The new requirements for Gen AI-based applications include dynamic, model-based routing, token-level rate limiting, secure & centralized credential management, and observability, resilience & failover for AI. Existing tools are not sufficient to support these use cases due to their lack of AI-native logic, simple rate limiting, and request-based routing. Kubernetes and tools such as KServe, vLLM, Envoy, and llm-d can be used to implement these new requirements. For monitoring and observability of AI applications, we can leverage frameworks such as OpenTelemetry, Prometheus, and Grafana.

The speakers discussed their AI application architecture developed using open source projects such as Envoy AI Gateway and KServe. Envoy AI Gateway helps manage traffic at the edge. It provides unified access for application clients to GenAI services such as the Inference Service or the Model Context Protocol (MCP) Server. Its design is based on a two-tier gateway pattern, with Tier One Gateway, referred to as the AI Gateway, functioning as a centralized entry point and responsible for authentication, top-level routing, a unified LLM API, and token-based rate limiting. It can also act as an MCP proxy. 

And the Tier Two Gateway, referred to as the Reference Gateway, manages ingress traffic to the AI models hosted on a Kubernetes cluster and is also responsible for fine-grained access control to the models. Envoy AI Gateway supports various AI providers, including OpenAI, Azure OpenAI, Google Gemini, Vertex AI, AWS Bedrock, and Anthropic.

KServe is the open-source standard for self-hosted models, providing a unified platform for generative and predictive AI inference on Kubernetes. As a single, declarative API for models, it can provide a stable, internal endpoint for each model that the Envoy AI Gateway can route traffic to. It's recently been retooled to support Generative AI capabilities, including multi-framework LLM support, OpenAI-compatible APIs, LLM model caching, KV cache offloading, multi-node inference, metric-based autoscaling, and native support for Hugging Face models with streamlined deployment workflows.

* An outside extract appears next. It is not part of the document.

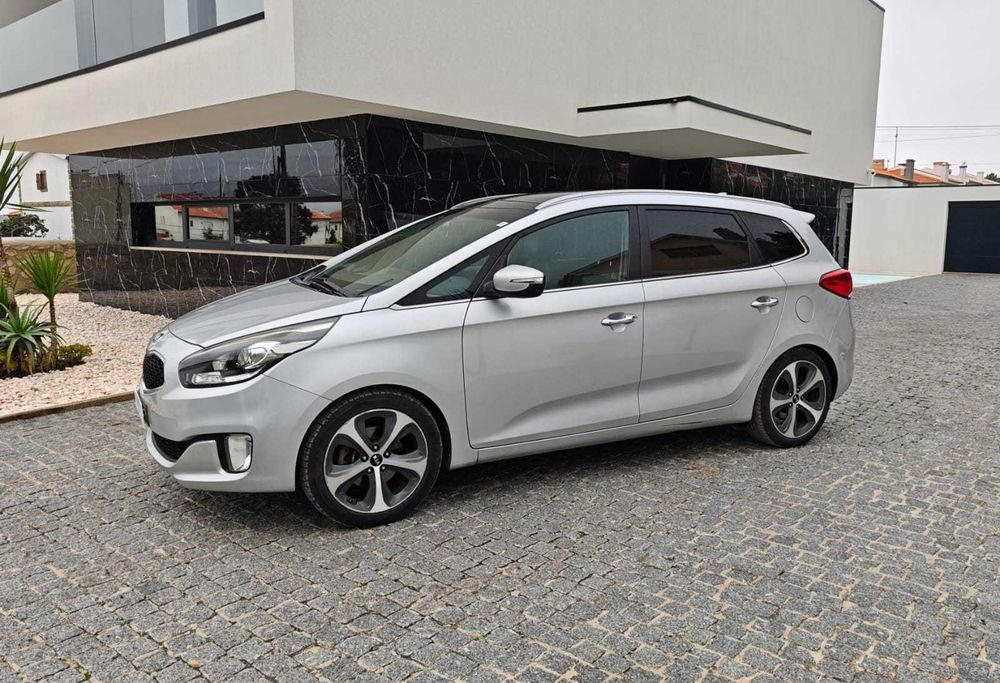 KIA Carens 1.7 CRDI Nacional 7 Lug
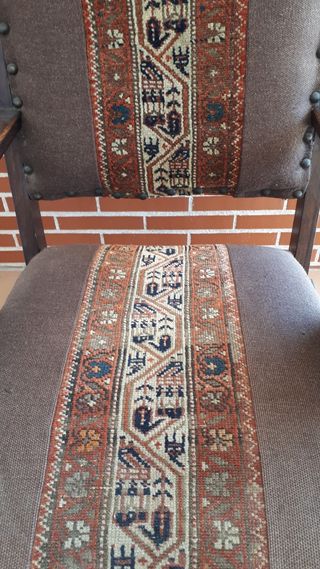 Sillón antiguo.  De madera maciza. Vintage. Retro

KServe provides a Kubernetes custom resource definition (CRD) built on llm-d, a Kubernetes-native LLM inference framework, for serving models from different frameworks such as PyTorch, TensorFlow, ONNX, or HuggingFace. The CRD's K8s configuration YAML script includes the type InferenceService, which allows specifying the model metadata and the gateway API for external access.

Hughberg and Griffith concluded the presentation by reiterating that GenAI brings stateful, resource-intensive, and token-based workloads. You will need AI-native capabilities like dynamic, model-based routing, and token-level rate limiting & cost control. CNCF tools like Kubernetes, Envoy AI Gateway, and KServe can help with developing Gen AI-based applications.